⟨
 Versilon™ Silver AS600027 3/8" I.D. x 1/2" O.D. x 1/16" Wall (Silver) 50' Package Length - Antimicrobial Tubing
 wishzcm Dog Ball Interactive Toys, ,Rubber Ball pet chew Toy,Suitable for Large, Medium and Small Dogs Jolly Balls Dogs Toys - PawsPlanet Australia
⟩
⟨
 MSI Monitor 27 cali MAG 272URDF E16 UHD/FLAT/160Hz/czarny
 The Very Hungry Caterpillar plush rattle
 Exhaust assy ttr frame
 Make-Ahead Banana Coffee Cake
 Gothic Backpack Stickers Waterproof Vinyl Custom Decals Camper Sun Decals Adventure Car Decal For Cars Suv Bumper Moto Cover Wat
⟩
-- TASK BRIEF --
From the data above, reproduce word for word the lines running from the line with "Versilon™ Silver AS600027" to the line with "wishzcm Dog Ball", ends included.

-- PROBLEM SOLUTION --
 Versilon™ Silver AS600027 3/8" I.D. x 1/2" O.D. x 1/16" Wall (Silver) 50' Package Length - Antimicrobial Tubing
 wishzcm Dog Ball Interactive Toys, ,Rubber Ball pet chew Toy,Suitable for Large, Medium and Small Dogs Jolly Balls Dogs Toys - PawsPlanet Australia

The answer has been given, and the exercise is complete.